[Été 1999]
par Jennifer Couëlle
Elle sert tantôt l’amitié, tantôt l’amour. Elle est synonyme de tendresse comme de désir. Elle traduit la bienveillance et peut conduire à la passion, mais subsiste aussi dans le simple plaisir. Car l’affection marque avant tout un intérêt. Pour une personne, un lieu, un climat, un phénomène et, pourquoi pas, un objet.
Si l’affection est parfois retenue, son élan est de se répandre. L’indifférence lui étant par essence étrangère, elle est gage du senti et en cela, chacune de ses manifestations nous rappelle que nous vivons ; que je sens donc je suis ! « Les qualités du cœur, écrivait l’anticonformiste et très lucide marquise de Lambert, sont beaucoup plus nécessaires que celles de l’esprit : l’esprit plaît, mais c’est le cœur qui lie.1» C’était il y a trois siècles.2 C’était hier. C’est aujourd’hui.
L’affection, peu importe son degré, son objet ou sa destinée, répond à un besoin vital. Elle comble le vide de l’homme renvoyé à lui-même. Un vide en ces temps accusés, estime le sociologue Francesco Alberoni. « Le monde moderne, écrit-il, est caractérisé par une évolution des fonctions. Autrefois personnalisées, particularistes, affectives, elles tendent à devenir aujourd’hui indifférenciées, marchandées et neutres.3» Est-ce à dire que nous sommes devenus des êtres indigents, en manque accru de rapports affectifs ? Quoiqu’il en soit, il apparaît évident qu’il faille reconnaître une autre sphère pour répondre à ce besoin essentiel.
Non seulement notre système social ne fournit-il pas, mais il fait écran. Reste le domaine privé. Habitat naturel de l’affection, celui-ci se trouve aujourd’hui investi d’une valeur symbolique. Tout spécialement lorsqu’il est révélé, sciemment, lorsque s’opère ce glissement, de plus en plus présent dans la photographie contemporaine, du privé vers le public. Ainsi, devenue représentation, l’intimité des uns correspondrait aux icônes affectives des autres. Grand bien nous fasse.
Ce numéro thématique de CVphoto constitue l’une des réponses possibles à une question que nous nous sommes posées : comment l’affection est-elle représentée dans les pratiques photographiques actuelles ? Souhaitant respecter la nature variable de notre sujet, nous avons invité à s’exposer en ces pages des artistes aux parcours et aux préoccupations manifestement différents. À une exception près, bien entendu. Tous partagent une volonté de laisser transparaître ou de mettre à nu cet état sensible et psychique nommé affection.
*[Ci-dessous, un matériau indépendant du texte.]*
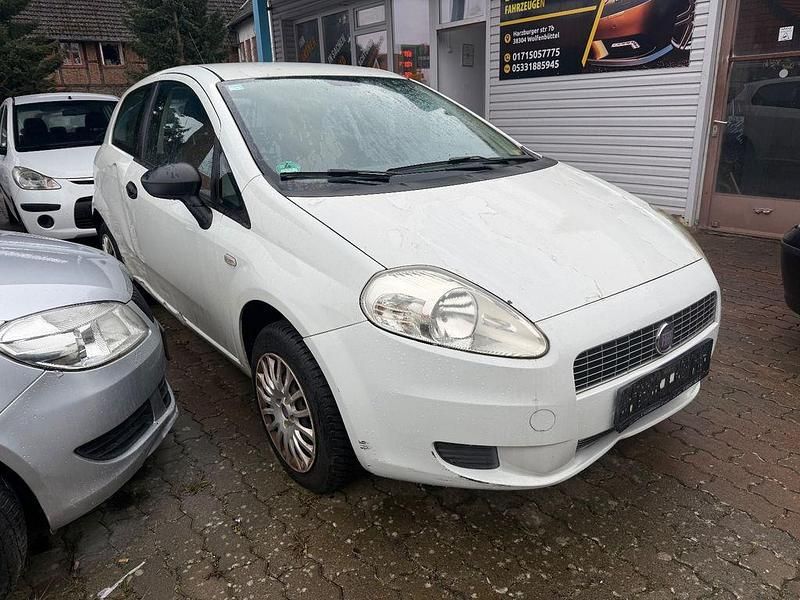 Gebraucht Fiat Grande Punto Active 65 PS (47 kW) 2009 Weiß Kleinwagen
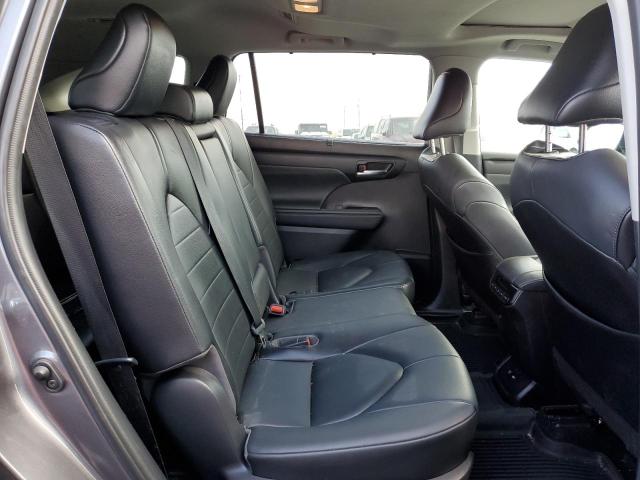 Photo 6 from auction – 2021 TOYOTA HIGHLANDER with VIN 5TDHZRBH4MS533701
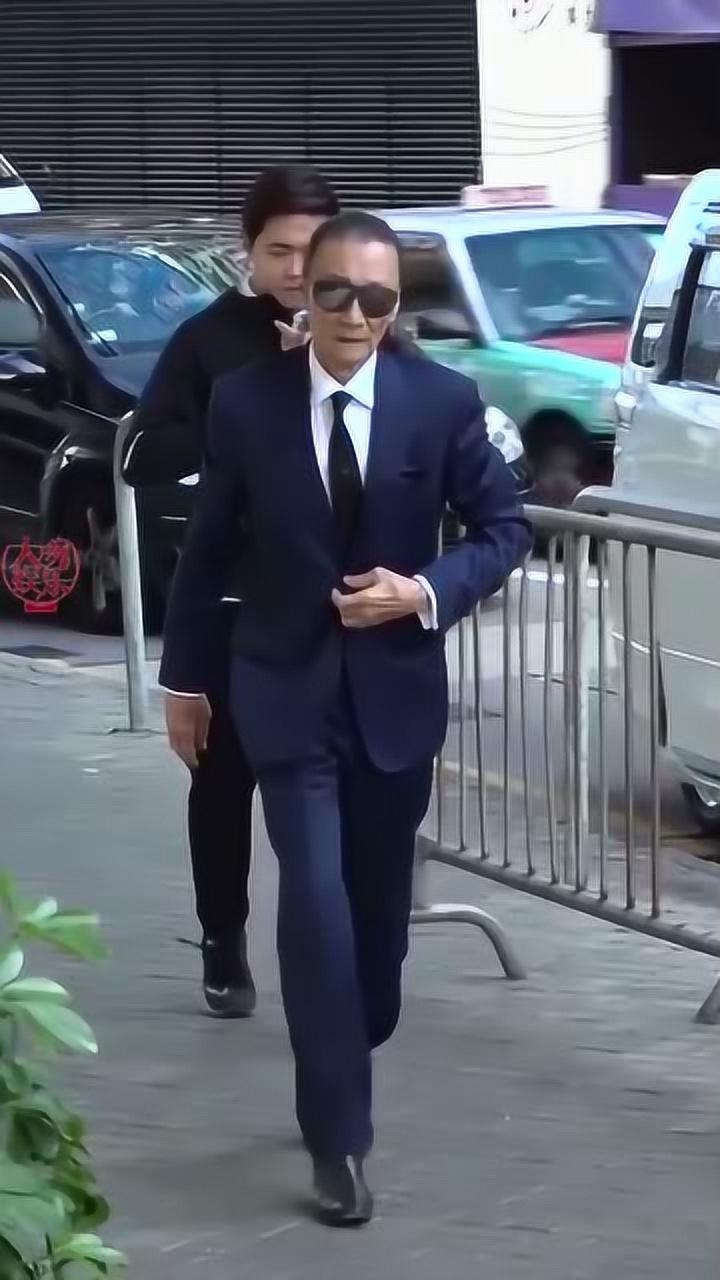 84岁谢贤一身西装现身赌王何鸿燊灵堂玩世不恭风流一生的贤哥重情重义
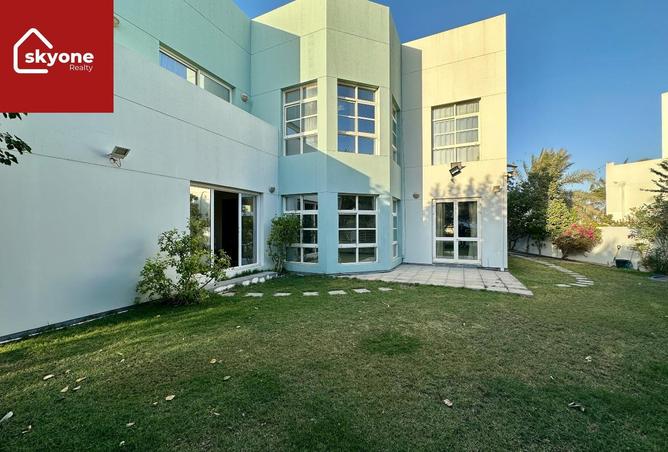 987559 - Property Image 2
La vidéaste montréalaise Sylvie Laliberté n’a peur ni des mots ni des soubresauts de la tendresse. Elle signe la rubrique «Point de vue» comme on rédigerait un petit traité contemporain de l’affection. Chez l’Américaine d’origine canadienne Laura Letinsky, c’est au lit quotidien qu’on se lie. Familièrement, tranquillement. Des environnements intimes imprégnés de sens, dont les modes de communication sont analysés ici par Marie-Josée Jean. De Chicoutimi, l’artiste multidisciplinaire Carl Bouchard nous plonge dans l’intensité, parfois trouble, du besoin d’affection. Elle est chez lui à la fois amour, sexualité, abandon et responsabilité. La critique Mona Hakim en discute avec une attention soutenue. Quant au Français Bernard Plossu, son œuvre se lit comme un poème où seuls quelques vers suffisent à traduire l’effleurement de ce qui est grand. Chez lui, deux vagues, un paysage, sa femme, ses enfants. À ses images enveloppantes d’affection, Serge Tisseron réfléchit avec éloquence. Avec aussi une certaine audace permettant d’envisager une « nouvelle mythologie familiale. »
Voilà. Pour le reste, nous espérons que vous regarderez, que vous lirez, que vous sentirez.
1 Madame de Lambert, « Traité de l’amitié », De l’amitié, Paris, Éditions Payot & Rivages, 1999, p. 46.
2 Ce Traité de l’amitié aurait probablement été rédigé à la fin des années 1600.
3 Francesco Alberoni, L’Amitié, traduit de l’italien par Nelly Drusi, Paris, Pocket, 1995, p. 8.